Ad ottobre - si stanno definendo i particolari, a partire dalla data - sarà il ministro dell'Istruzione e del Merito Giuseppe Valditara in persona ad inaugurare i nuovi istituti. Non mancherà di presenziare al taglio del nastro delle nuove scuole superiori di Cuneo, Mondovì e Bra. Senza escludere un possibile passaggio all'Itis Rivoira di Verzuolo.
Per lui si tratta di un ritorno, perché era già stato a Fossano in visita all'Iis Vallauri, scuola che ora ha una nuova ala con 19 aule e laboratori per 400 studenti.
Valditara accompagnerà il presidente della Provincia Luca Robaldo in visita ai nuovi istituti.
Certamente non tutti, perché la Granda è grande, ma è quasi obbligatorio un suo passaggio nelle tre Sorelle: Mondovì, per il Baruffi, dove Robaldo gioca in casa, Bra, per il Guala e Cuneo, per il Grandis (in foto).

A Barge il primo taglio del nastro
Qualche inaugurazione, però, arriverà prima dell’appuntamento con il ministro.
È il caso di Barge, dove il 18 settembre, a pochi giorni dall’inizio del nuovo anno scolastico, sarà inaugurata la nuova palestra a servizio dell’alberghiero Giolitti Bellisario Paire.

Un intervento importante per un istituto frequentato da circa 300 studenti, punto di riferimento non soltanto per il Saluzzese, ma anche per il vicino Pinerolese.
E la palestra non è l’unica novità.
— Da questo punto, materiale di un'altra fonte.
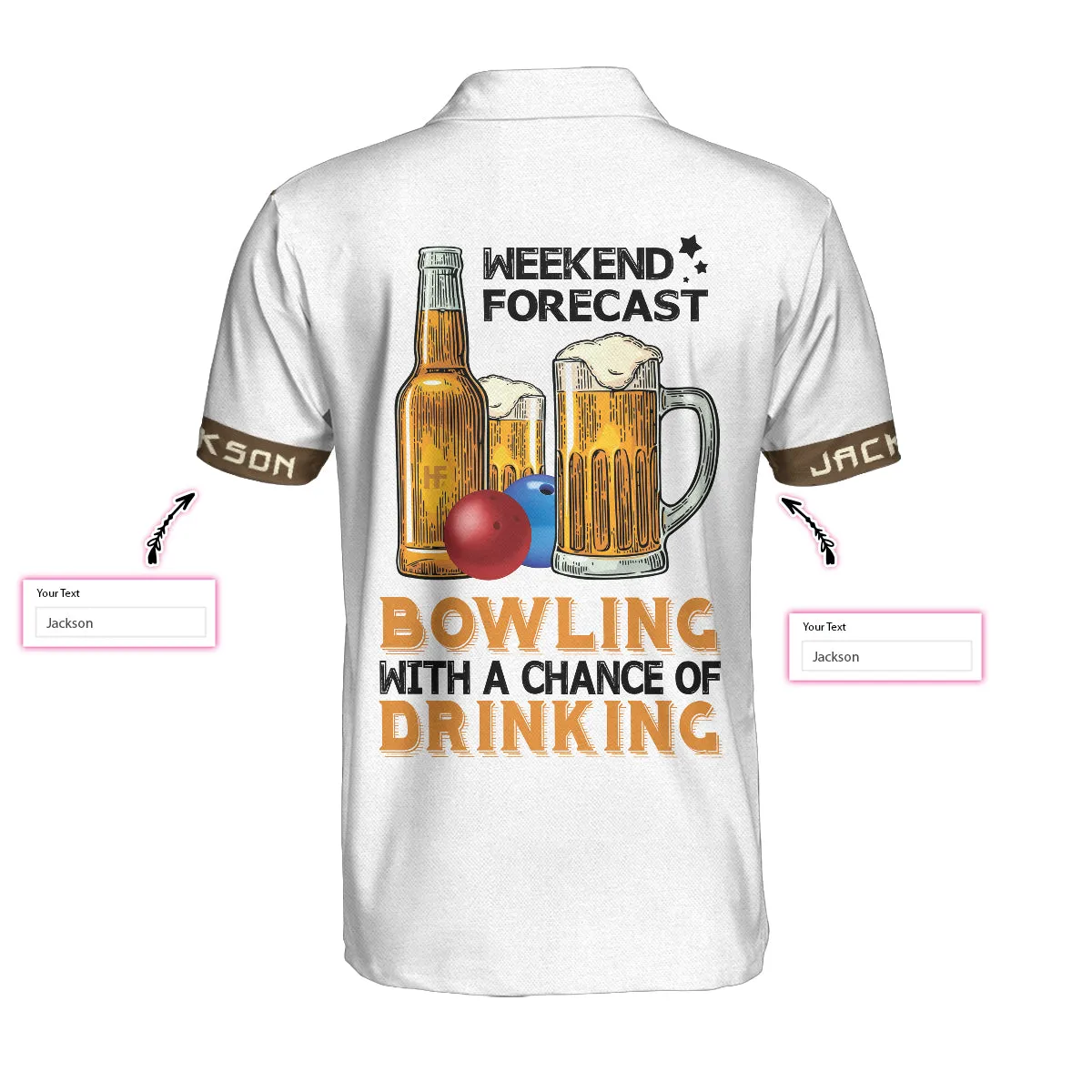 Bowling Men Polo Shirt - Bowling Weekend Forecast Custom Polo Shirt, Personalized Bowling Shirt For Beer Lovers - Perfect Gift For Friend, Family, Bowling Lovers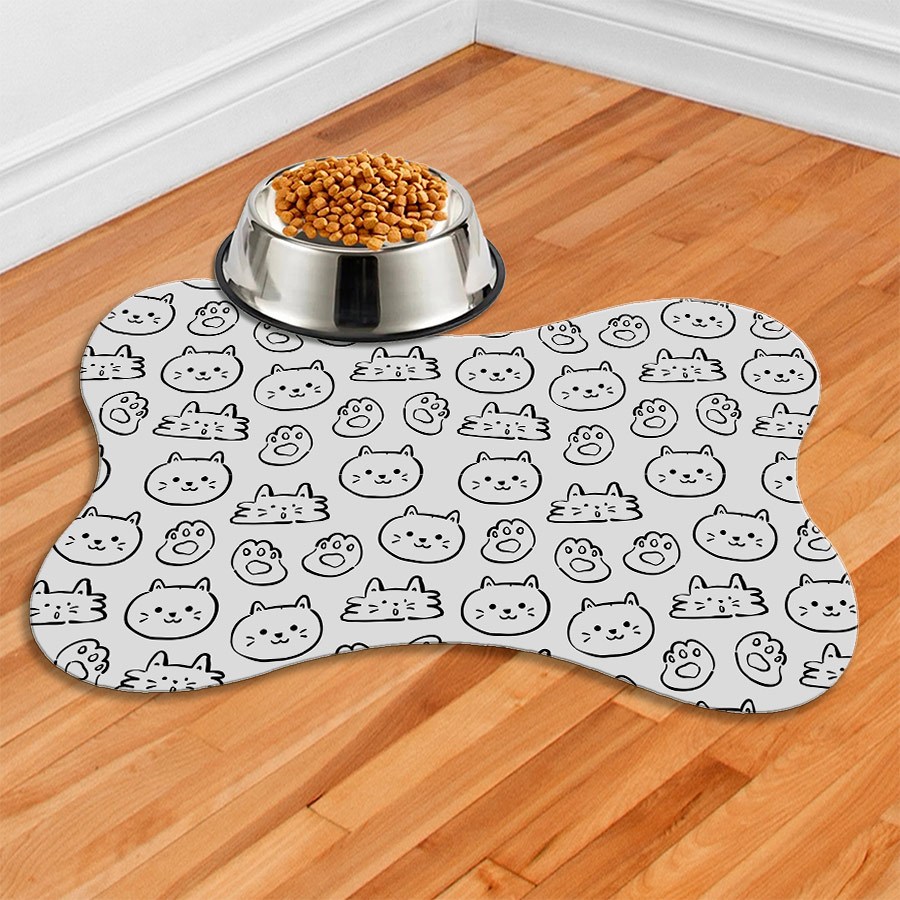 Tapete Para Comedouro PET Antiderrapante - Ossinho - 38x25 - CAT FACE CZ em Oferta na Shopee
A Barge la Provincia sta infatti realizzando anche nuove aule nella vecchia stazione ferroviaria del paese, acquistata dal Comune e oggi interessata da lavori a carico dell’ente provinciale.
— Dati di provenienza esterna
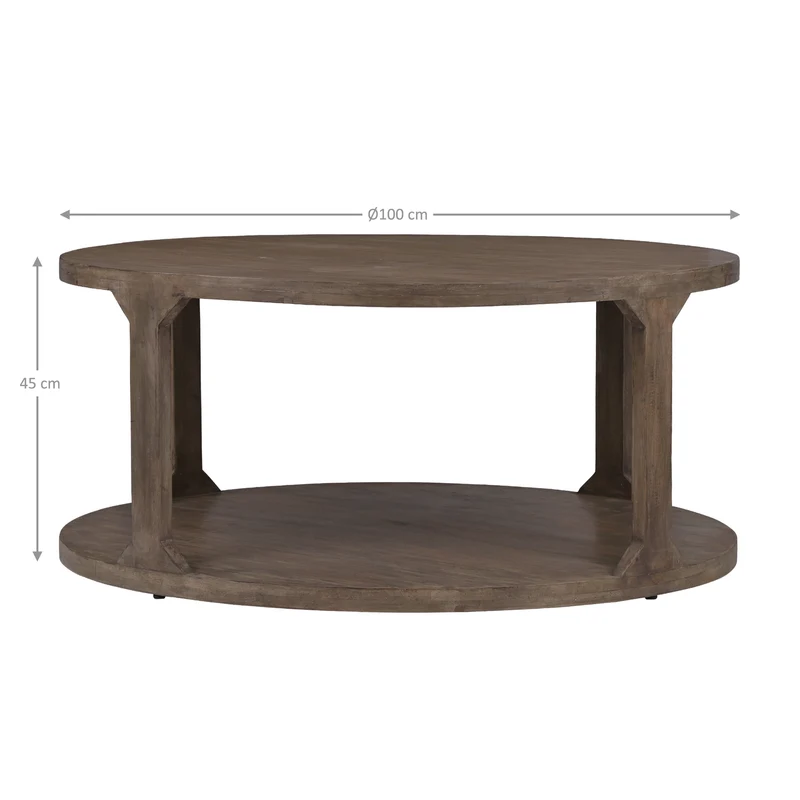 Couchtisch Ø 100x45 cm Natur aus Mangoholz WOMO-Design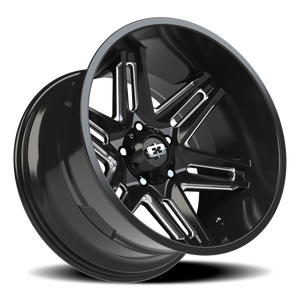 Vision Wheel 363 Gloss Black Milled Spoke 20x12 -51 5x139.7mm 108mm - Wheelwiz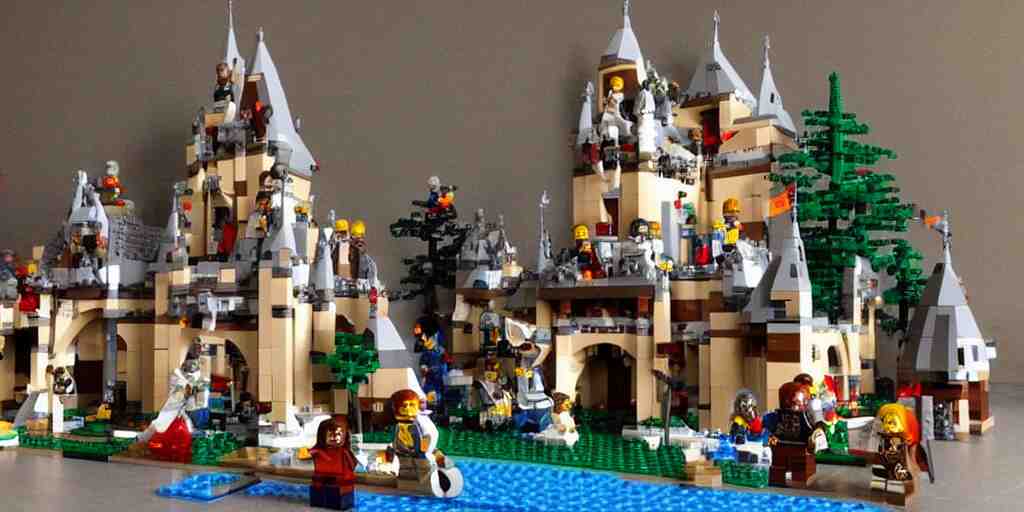 lego castle with knights in front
L’operazione consentirà di recuperare spazi preziosi e, con ogni probabilità, permetterà di ospitare anche un bar gestito dagli studenti e aperto al pubblico, sul modello di quello già attivo nella sede dell’alberghiero di Mondovì.
Uno scacchiere complesso, che ha coinvolto enti e istituzioni e che, dopo anni di cantieri e progettazioni, sta finalmente consegnando scuole e strutture più moderne, efficienti e adeguate alle esigenze degli studenti.
A Barge il risultato è particolarmente atteso. La dirigente dell’alberghiero, Donatella Garello, esprime soddisfazione e ha voluto ringraziare la Provincia per gli importanti interventi realizzati.
A partire dalla palestra, che permetterà agli studenti di svolgere le lezioni di educazione motoria direttamente in istituto, senza doversi spostare in altre strutture.

Ma soprattutto dalle nuove aule, che consentiranno presto di riportare tutti gli studenti nella sede scolastica, eliminando la necessità di ricorrere agli spazi alternativi messi a disposizione negli anni dalla parrocchia e dal Comune.
L’intervento permetterà così di migliorare la distribuzione delle classi e di riunire progressivamente tutte le attività all’interno dell’istituto.

Un tassello di un programma molto più ampio. Quello che ha portato la Provincia a investire 80 milioni sull’edilizia scolastica e che ora, con la conclusione dei principali cantieri, si prepara a mostrare alla Granda - e al ministro - il risultato di una sfida vinta.